With their glam-hippie apparel, a high-spend account at Rimmel and probably an endorsement deal with Harmony hairspray, they certainly had the look to sell a ton of records in an era when style very often triumphed over substance. But Enuff Z’Nuff arrived at the glam-rock party in 1989 with something in far shorter supply than smudge-resistant eyeliner and Sunset Strip-grade cocaine: quality songs.
Released late that year, the Chicago (near enough) four-piece’s self-titled debut album (7⁄10) was a sparkling collection full of hard-hitting hard-rock riffery, sticky-bud melodies and ear-worm choruses, and overall oozing real class.

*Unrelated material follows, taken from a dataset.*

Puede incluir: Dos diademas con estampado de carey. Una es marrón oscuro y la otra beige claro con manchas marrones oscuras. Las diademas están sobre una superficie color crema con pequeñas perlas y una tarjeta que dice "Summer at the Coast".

Hugely Beatles-influenced in places, it was the product of a band better, cleverer and more astute than most of the pack. And in New Thing and Fly High Michelle respectively it had one of the era’s catchiest hard rockers and one of its finest ballads.
Released a year-and-a-half later, follow-up Strength (8⁄10) took all the best aspects of its predecessor, improved, refined and buffed them to a sheen. Again a mixture of hard rockers, ballads and some from somewhere in between, it was a killer album. The heavy punches (Heaven Or Hell, The In Crowd, The World Is A Gutter) were knockouts, the ballads (Goodbye, The Way Home) were intelligent in the writing and classy in execution.
But by now the rock scene was starting to bang its head to the beat of a different drum, the sound of which was being carried on chill winds blowing mostly from the Seattle area. Enuff Z’Nuff’s killer album never got the chance or the recognition it genuinely deserved, and the band remain one of rock’s footnotes. Both remasters come with a pair of bonus tracks.